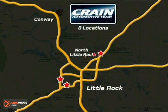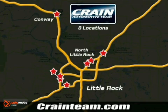Visit us anytime at Craneteam.com. Go, go, go — Craneteam's got them. Craneteam.com.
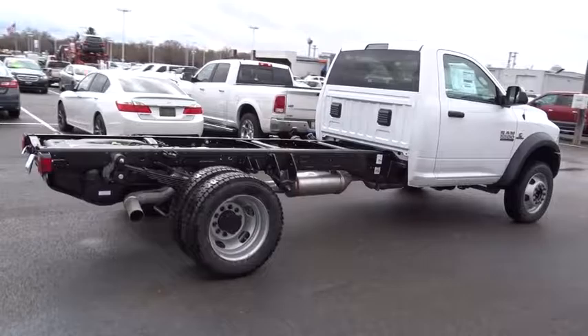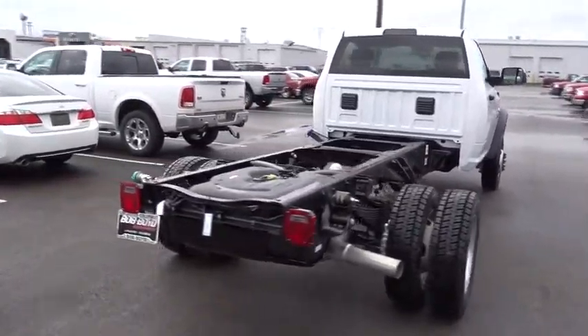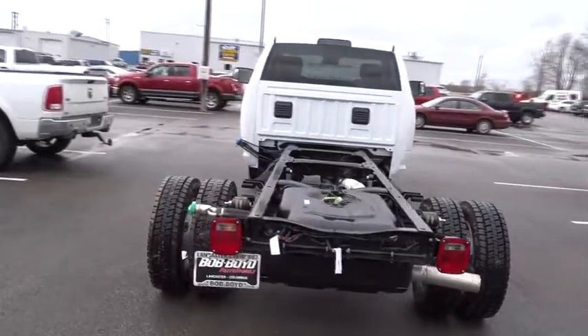This vehicle has less than 100 miles. Searching for a dependable vehicle that looks great too? You found it, so stop in today.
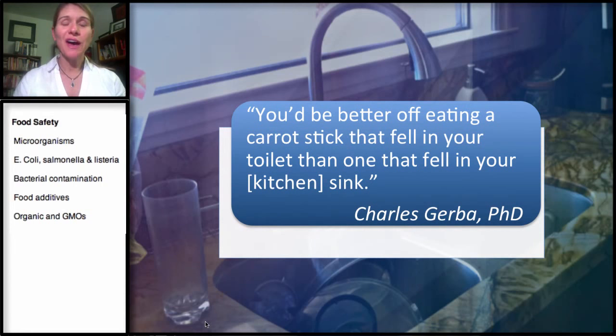I'd like to read this quote, and this is from Dr. Charles Gerber from the University of Arizona, the microbiologist who's also called Dr. Germ: "You'd be better off eating a carrot stick that fell into the toilet than one that fell into your kitchen sink."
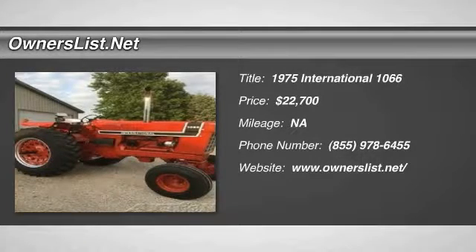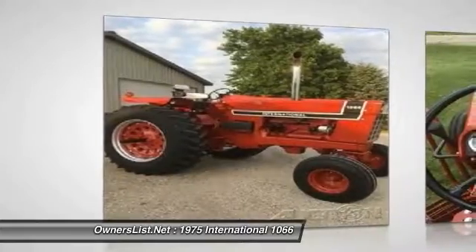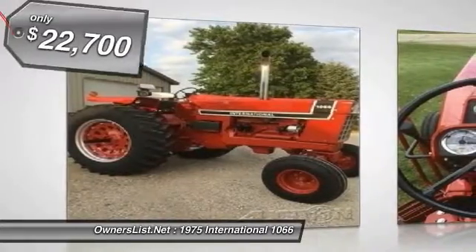1975 International 1066 for sale in Melvin, Iowa, 51350. Restored 1975 original Black Stripe 1066.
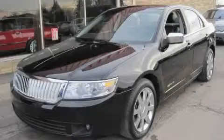This is a 2006 Lincoln Zephyr, a luxurious package designed with the finest elements in mind.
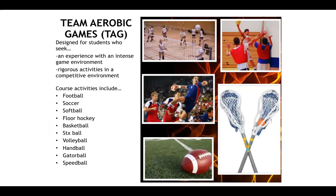Team aerobic games is definitely for students who really enjoy playing team sports. This is a competitive environment where activities will get you moving and competing at a high level. Examples of activities include flag football, soccer, softball, floor hockey, basketball, sticks ball (which is basically lacrosse), volleyball, handball, gator ball, and speed ball.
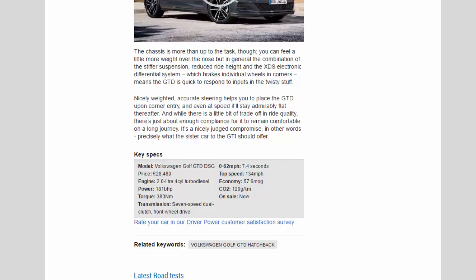It's a nicely judged compromise — precisely what the sister car to the GTI should offer. Key specs: Volkswagen Golf GTD DSG, priced at £28,480. Engine: 2.0-litre four-cylinder turbo diesel; power: 181 bhp; torque: 380 Nm; transmission: seven-speed dual-clutch, front-wheel drive. 0 to 62 mph: 7.4 seconds; top speed: 134 mph; economy: 57.6 mpg; CO2: 129 g/km. On sale now.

++++++++++++++++++++

The records above must be retyped exactly. Please omit the pictures.

Visit us anytime at Craneteam.com. Go, go, go — Craneteam's got them. Craneteam.com.
This vehicle has less than 100 miles. Searching for a dependable vehicle that looks great too? You found it, so stop in today.
I'd like to read this quote, and this is from Dr. Charles Gerber from the University of Arizona, the microbiologist who's also called Dr. Germ: "You'd be better off eating a carrot stick that fell into the toilet than one that fell into your kitchen sink."
1975 International 1066 for sale in Melvin, Iowa, 51350. Restored 1975 original Black Stripe 1066.
This is a 2006 Lincoln Zephyr, a luxurious package designed with the finest elements in mind.
Team aerobic games is definitely for students who really enjoy playing team sports. This is a competitive environment where activities will get you moving and competing at a high level. Examples of activities include flag football, soccer, softball, floor hockey, basketball, sticks ball (which is basically lacrosse), volleyball, handball, gator ball, and speed ball.
It's a nicely judged compromise — precisely what the sister car to the GTI should offer. Key specs: Volkswagen Golf GTD DSG, priced at £28,480. Engine: 2.0-litre four-cylinder turbo diesel; power: 181 bhp; torque: 380 Nm; transmission: seven-speed dual-clutch, front-wheel drive. 0 to 62 mph: 7.4 seconds; top speed: 134 mph; economy: 57.6 mpg; CO2: 129 g/km. On sale now.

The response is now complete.